The Conservative-run county council wanted to stop funding 10 libraries and transfer them to the community.
But this was challenged in the High Court and a judicial review of the council's decision ordered.
Leader of the Liberal Democrat opposition Jeremy Hilton said the whole review had been an "utter disaster".
Mr Hilton added Judge Martin McKenna's decision last month that the closures were "unlawful" meant the council had had to go back to the original opening hours.
"This is a fine example of the shambles in the way the council has handled the matter.
"The whole review looks like it has been worked out on the back of a fag packet," Mr Hilton added.
But Councillor Mark Hawthorne, leader of Gloucestershire County Council, said the Lib Dems' own budget proposals last year included 75% of library savings.

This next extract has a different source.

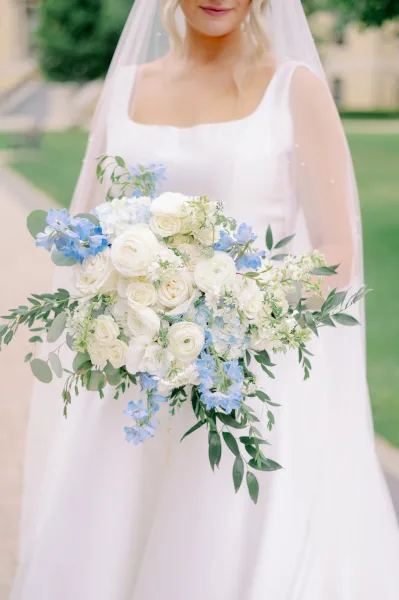 Bridal bouquet of white roses and blue delphinium with eucalyptus greenery, held against a wedding dress and veil on an outdoor walkway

"We're continuing to draw up our proposals for the future of Gloucestershire libraries, which will be published in the new year," he added.
In a Freedom of Information request from the BBC, the authority said the 34 people had worked a total of 683 hours over 16 weeks.
"This averages out at about 57 hours per week across all libraries which is 4.8% of all opening hours.
"These workers were recruited to expand the numbers on the casual relief register specifically to cover these opening hours under the terms of the injunction issued on 7 July 2011, whilst waiting for the full judicial review hearing," Mr Hawthorne said.
Self service machines
The council defines a casual contract as one where it is not obliged to offer work or the individual to accept it.
During the period 1 April 2011 to 31 November 2011, 66 members of library staff were made redundant at a cost of more than £1m.
Half of these redundancies were due to a restructure of management level posts, senior library officers and back office support, a council spokesman said.
"This is in line with efficiencies taken across all council services in response to the 30% cut in council funding.
"These staff were not working directly in front-line customer assistant posts in the county's libraries.
"The introduction of self service machines has also reduced staffing requirements in libraries," he added.